Reflexioné un rato, mientras caminábamos juntos bajo la lluvia y las ramas oscuras del bosque de Oderhord. La cara encapuchada de Faxe parecía fatigada, y tranquila. La extraña luz se había apagado, y sin embargo yo sentía aún un cierto temor respetuoso. Faxe me miraba con ojos claros, cándidos, amables, y me miraba desde una tradición de trece mil años de edad: un modo de pensar y un modo de vivir tan antiguo, tan firme, integro y coherente que daba a un ser humano la capacidad de olvidarse de sí mismo, el poder y la integridad de un animal salvaje, una criatura que mira a los ojos de un eterno presente.
—Lo desconocido —dijo la tranquila voz de Faxe en el bosque —, lo imprevisto, lo indemostrable… el fundamento de la vida. La ignorancia es el campo del pensamiento. Lo indemostrable es el campo de la acción. Si se demostrara que no hay Dios no habría religiones. Ni handdara, ni yomesh, ni dioses tutelares, nada. Pero si se demostrara que hay Dios tampoco habría religiones… Dígame, Genry, ¿qué se sabe? ¿Qué hay de cierto en este mundo, predecible, inevitable, lo único cierto que se sabe del futuro de usted, y del mío?
—Que moriremos.
—Si. Sólo una pregunta tiene respuesta, Genry, y ya conocemos la respuesta… La vida es posible sólo a causa de esa permanente e intolerable incertidumbre: no conocer lo qué vendrá.
El cocinero, que llegaba siempre a la casa muy temprano, me despertó sacudiéndome y hablándome al oído:
—¡Despierte, despierte, Señor Estraven, traen un mensaje de la Casa del Rey! —Entendí al fin, y aturdido por el sueño y los reclamos del cocinero me levanté de prisa y fui a la puerta de mi cuarto, donde esperaba el mensajero, y así entré en mi destierro desnudo y estúpido como un recién nacido.

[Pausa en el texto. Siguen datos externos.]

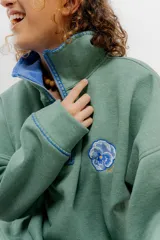 Buzo verde y azul con cierre metálico y bordados de flores.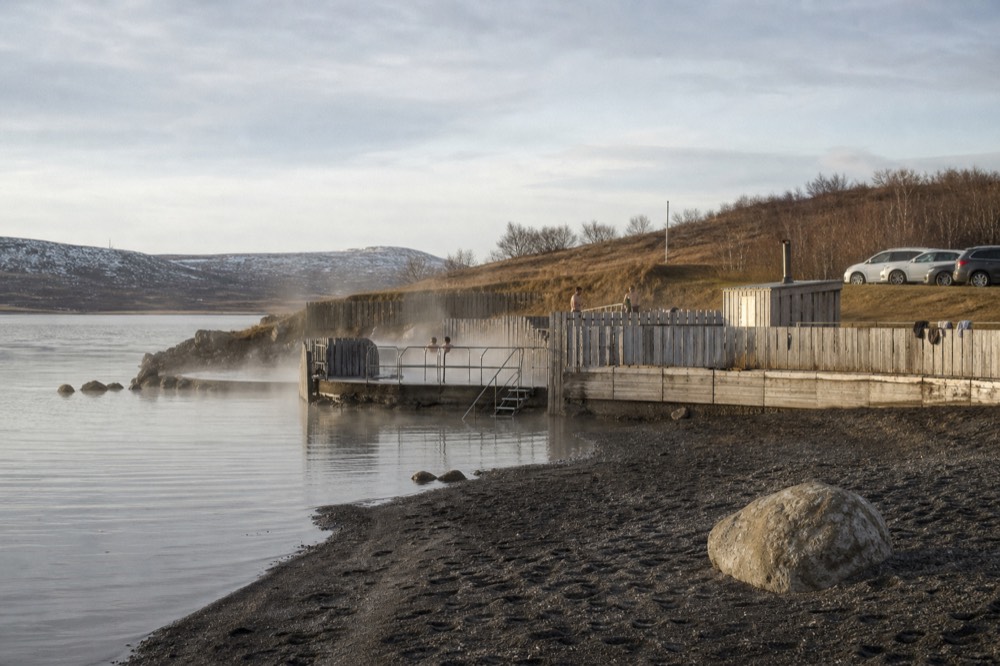 A lakeside geothermal bathing complex with steam rising over still water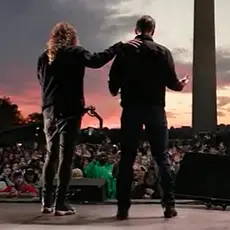 Photo from behind Sean Feucht and Josh Hawley with crowd in front of them and Washington monument behind the crowd. 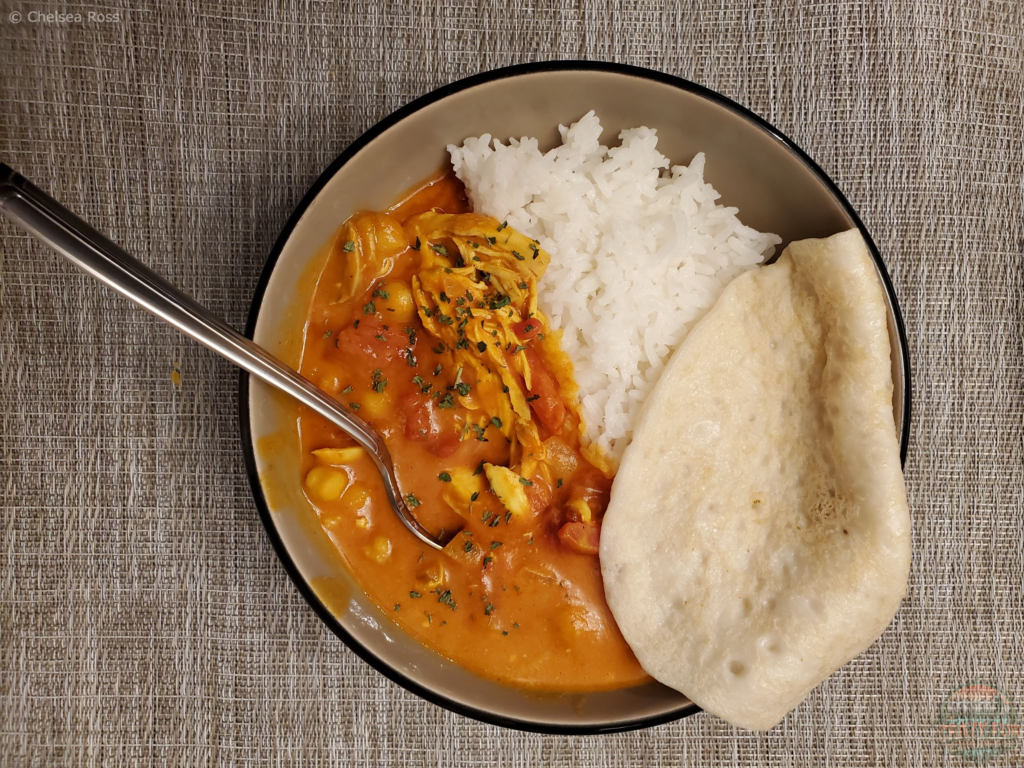Butter Chicken in a bowl with rice and pita.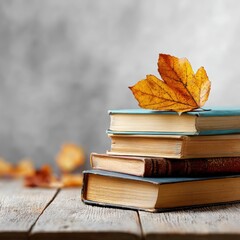 Stacked vintage books with colorful autumn leaves on top, resting on a rustic wooden table, creating a cozy and inviting atmosphere for reading and reflection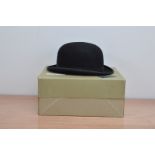 A Bowler hat, by Simpsons of piccadilly, 7 1/8, in cardboard box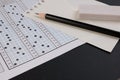 School exam answer sheet and pen. Standard test form or answer sheet. Answer sheet focus on pencil. Royalty Free Stock Photo
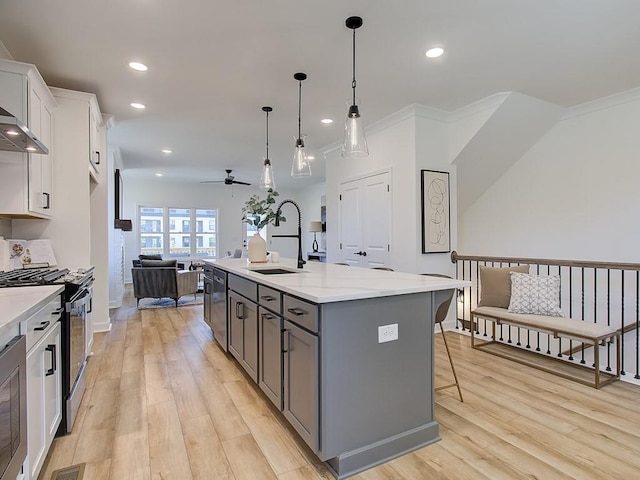 kitchen with appliances with stainless steel finishes, decorative light fixtures, white cabinetry, sink, and a center island with sink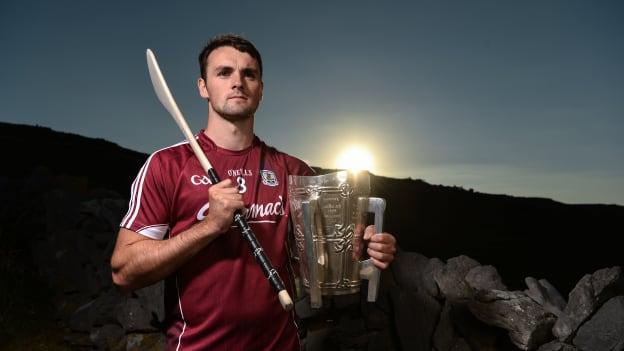 Galway hurler Johnny Coen pictured with the Liam MacCarthy Cup at the launch of the All-Ireland Senior Hurling Championship on Dún Aonghasa, Inis Mór. 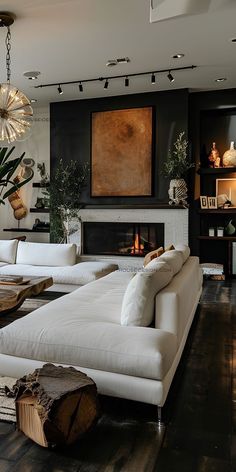 a living room filled with furniture and a fire place under a painting on the wall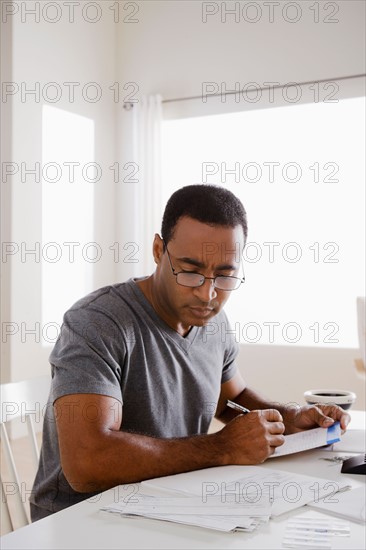 Mature man using calculator. Photo : Rob Lewine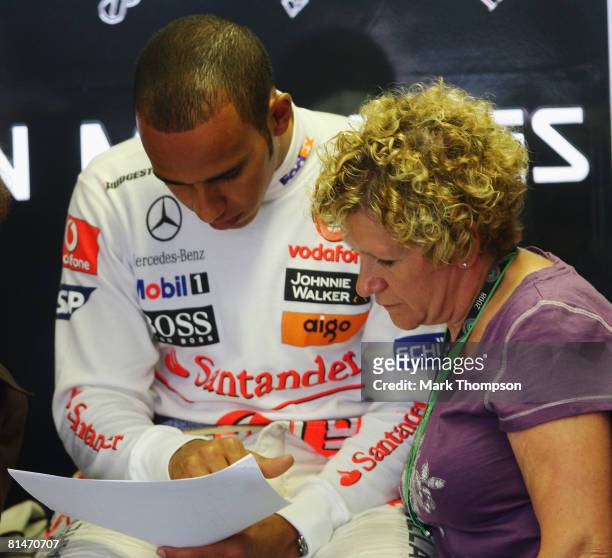 Lewis Hamilton of Great Britain and McLaren Mercedes is seen in his team garage with his mother Carmen Lockhart during practice for the Canadian...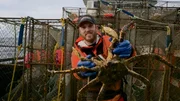 Deckhand Jon Farrel, Deckhand on the Cornelia Marie, holds up crab.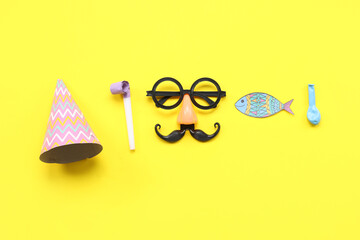 Sticker - Funny glasses with paper fish party hat and whistle on yellow background. April Fools Day celebration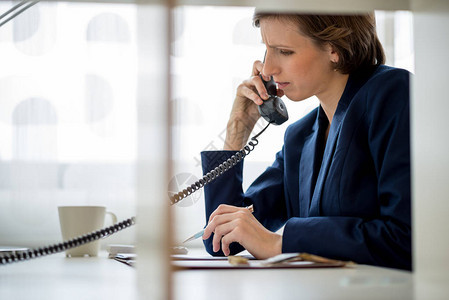 女商人或女经理在看文件时带着担心的表情在固定电话上交谈通过内部图片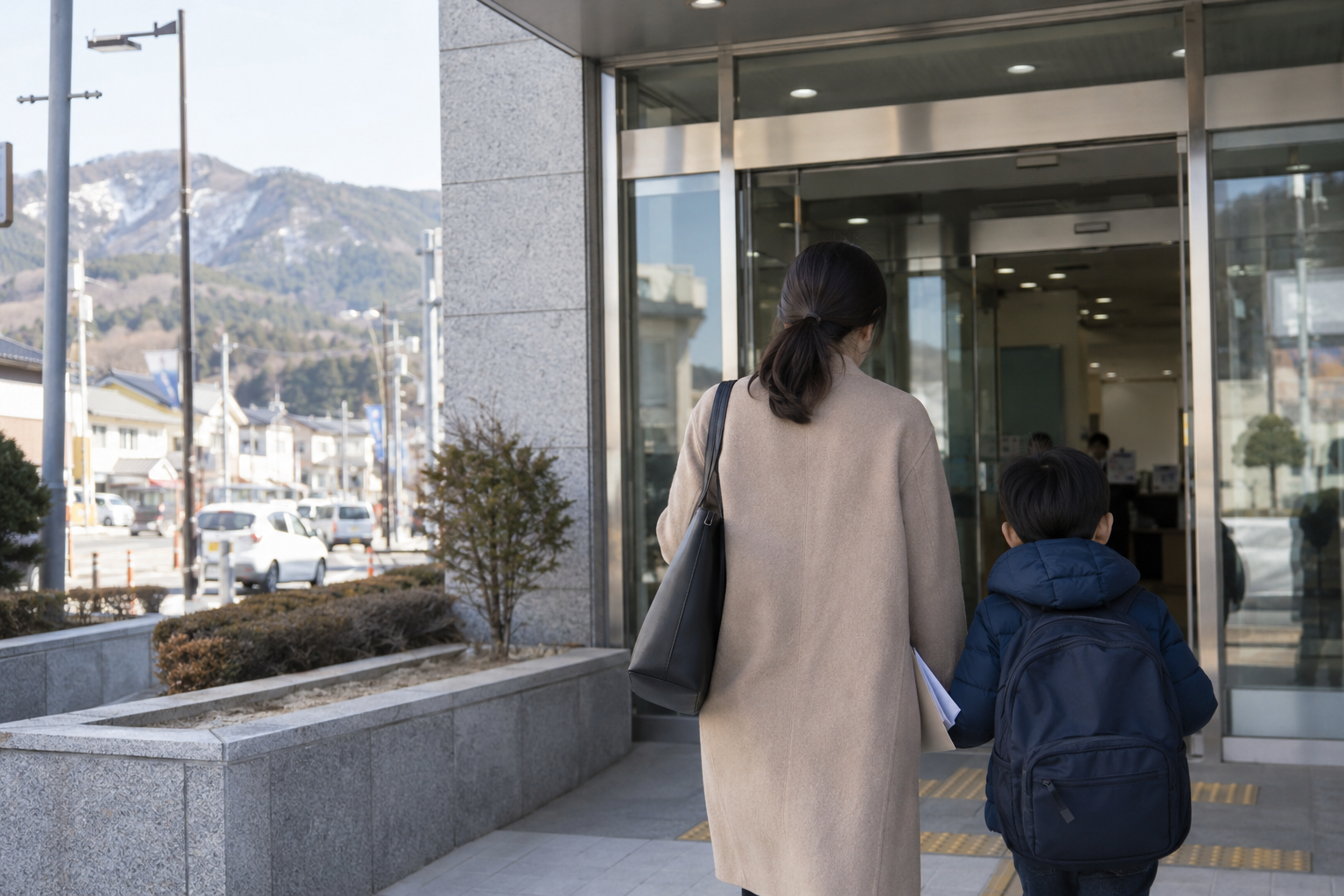 보호자와 초등학생이 작은 도시의 민원 건물로 들어가는 연출 사진
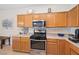 Well-equipped kitchen with stainless steel appliances, and ample cabinet space at 5769 Larkdale St, Las Vegas, NV 89120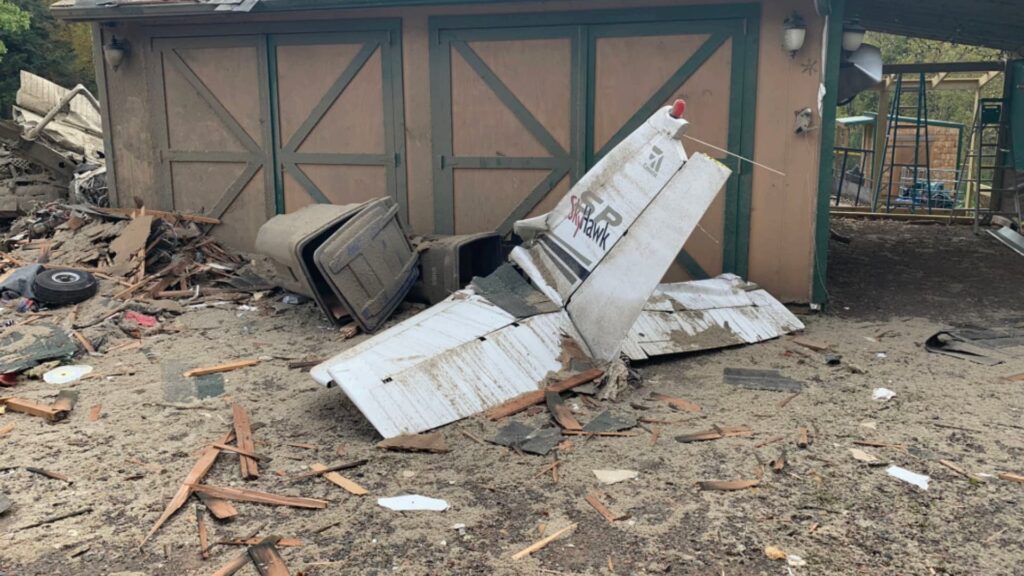 The tail section of a Cessna Skyhawk airplane lies against a damaged garage with green-trimmed wooden doors. Wreckage and scattered debris cover the ground nearby.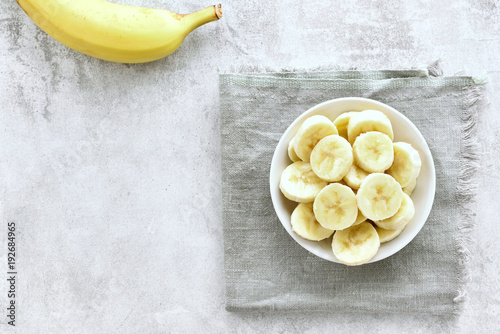 Sliced ripe banana in bowl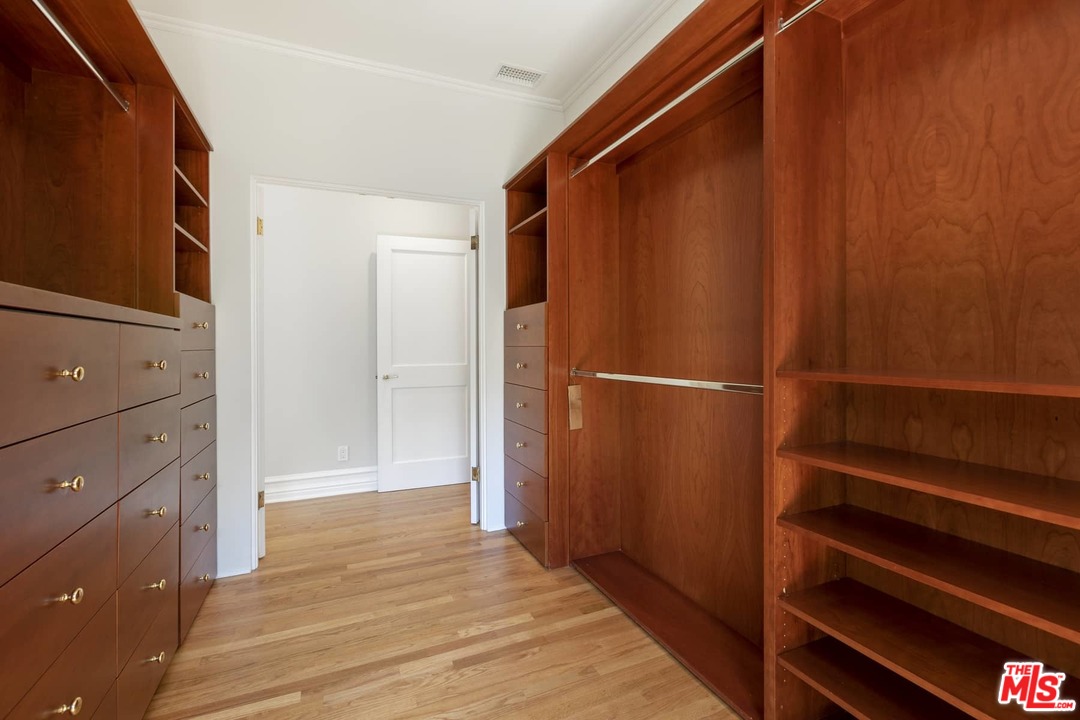 2529 North Commonwealth Avenue Los Angeles, CA 90027 - Photo 19 of 37 a view of walk in closet with wooden floor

Leyendo el papel que me dio el mensajero me dije a mí mismo que yo había esperado esto, aunque no tan pronto. Pero cuando tuve que mirar cómo aquel hombre clavaba el condenado papel en la puerta de la casa, sentí como si estuviese clavándome los clavos en los ojos, y le di la espalda, y me quedé allí, turbado y abatido, destrozado por una pena que no había esperado.
Me sobrepuse al fin, y atendí a lo que era ahora más importante, y cuando los gongs dieron la hora novena ya había dejado el palacio. No había nada que me retuviese. Me llevé lo que pude. En cuanto a los bienes y el dinero ahorrado, no podía sacarlos sin poner en peligro a los hombres con quienes yo trataba, y cuanto más me ayudaran mis amigos más riesgos corrían. Le escribí a mi viejo kemmerante, Ashe, cómo podía obtener provecho de algunas cosas de valor que servirían para nuestros hijos, pero indicándole que no tratara de mandarme dinero, pues Tibe tendría vigiladas las fronteras. No pude firmar la carta. Llamar a alguien por teléfono sería mandarlo a la cárcel, y yo quería irme en seguida, antes que algún amigo inocente llegara a verme y perdiera su libertad y sus bienes como recompensa por este acto de amistad.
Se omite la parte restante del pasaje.